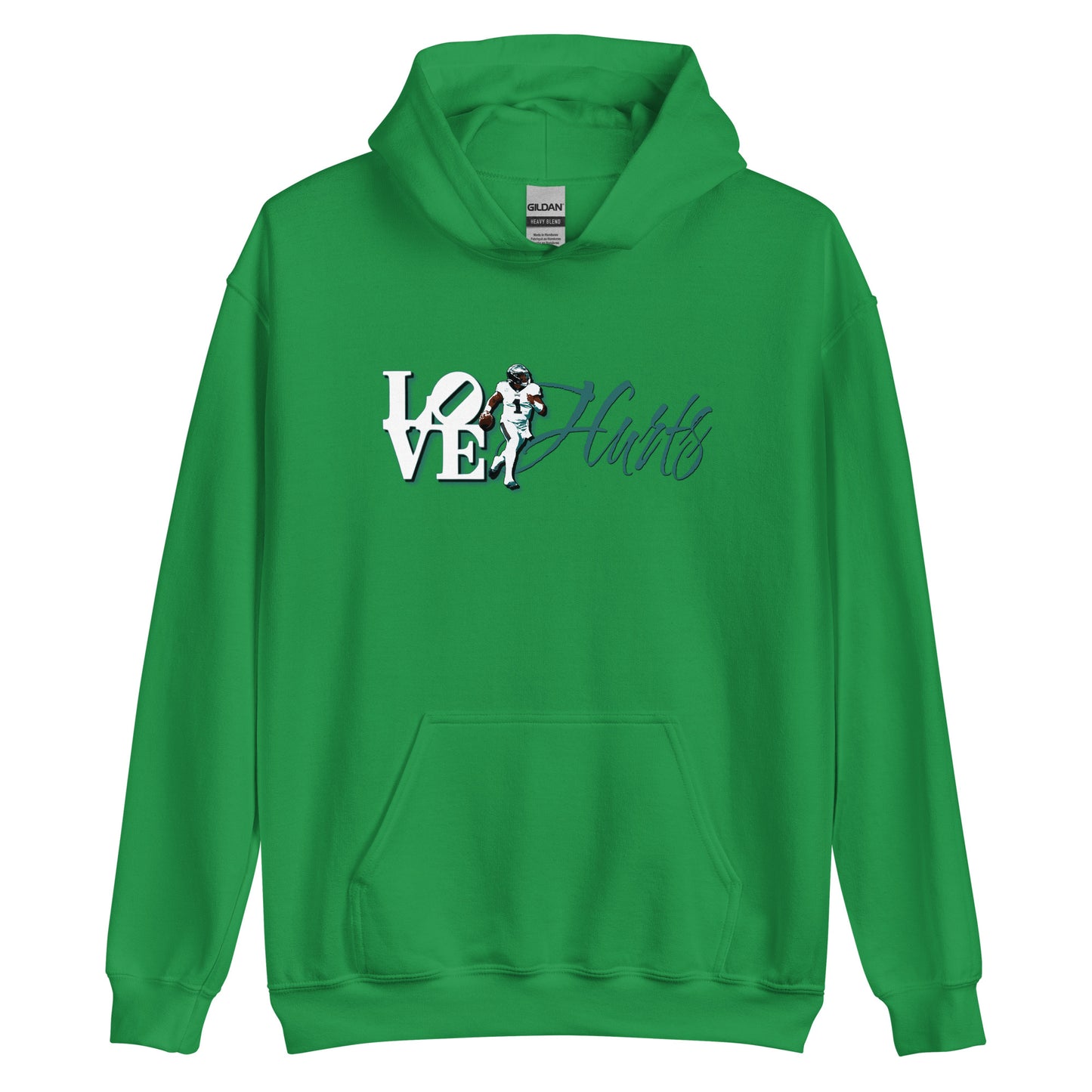 Love Hurts Hoodie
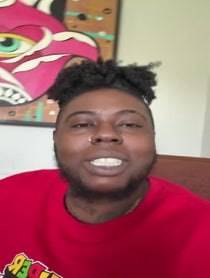 Poster for Pep Talk video from Pressure K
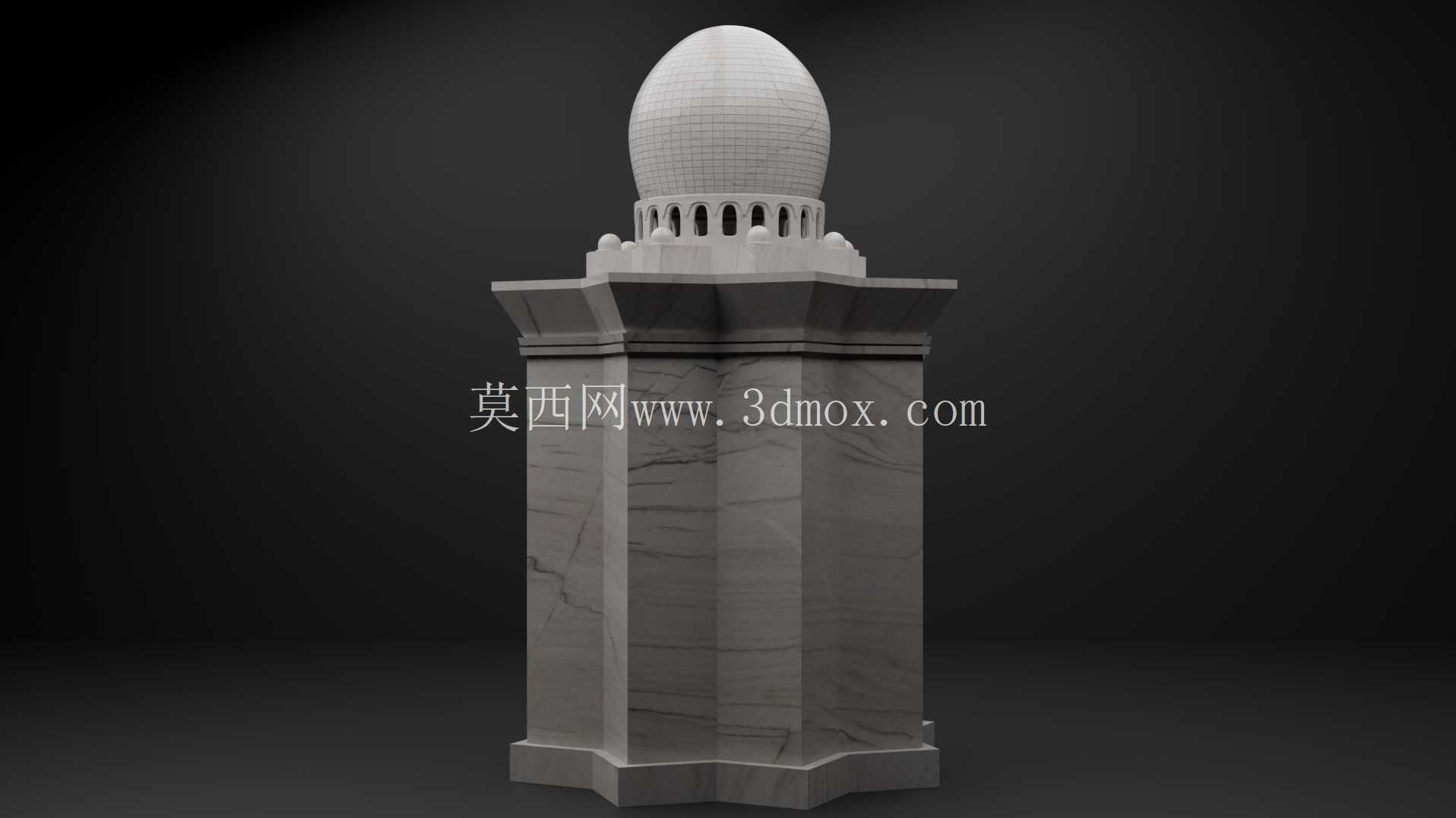 清真寺圆顶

-------

• _Exercise instructions_: Please return the whole listing exactly. Do not copy its images.

• _Task output_:
 Love Hurts Hoodie
 Poster for Pep Talk video from Pressure K
 清真寺圆顶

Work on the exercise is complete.